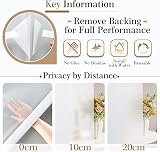 Lifetree Frosted Window Film Privacy 44.5×300 cm Non-Adhesive UV Blocker view 8
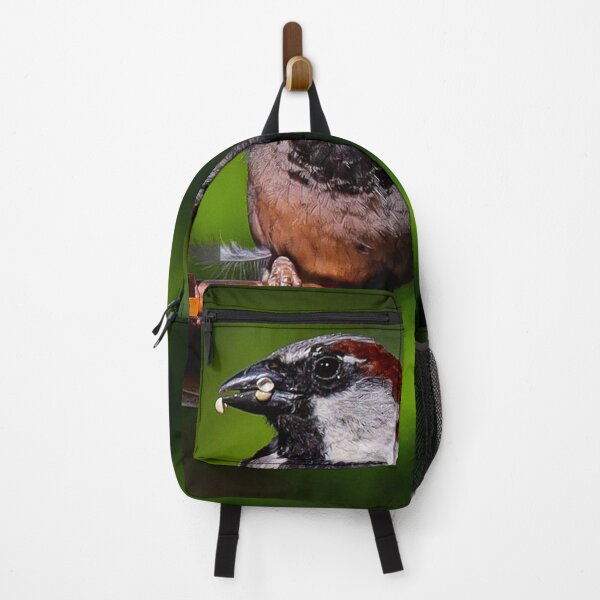 Item preview, A House Sparrow Perched On Bird Feeder designed and sold by FreelanceJim.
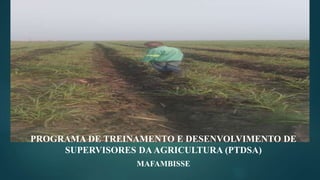 PROGRAMA DE TREINAMENTO E DESENVOLVIMENTO DE
SUPERVISORES DAAGRICULTURA (PTDSA)
MAFAMBISSE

> **AIM OF THE EXERCISE**
Please print every record above exactly, but leave the pictures out.

> **RESPONSE TO THIS EXERCISE**
 Lifetree Frosted Window Film Privacy 44.5×300 cm Non-Adhesive UV Blocker view 8
 Item preview, A House Sparrow Perched On Bird Feeder designed and sold by FreelanceJim.
 PROGRAMA DE TREINAMENTO E DESENVOLVIMENTO DE
SUPERVISORES DAAGRICULTURA (PTDSA)
MAFAMBISSE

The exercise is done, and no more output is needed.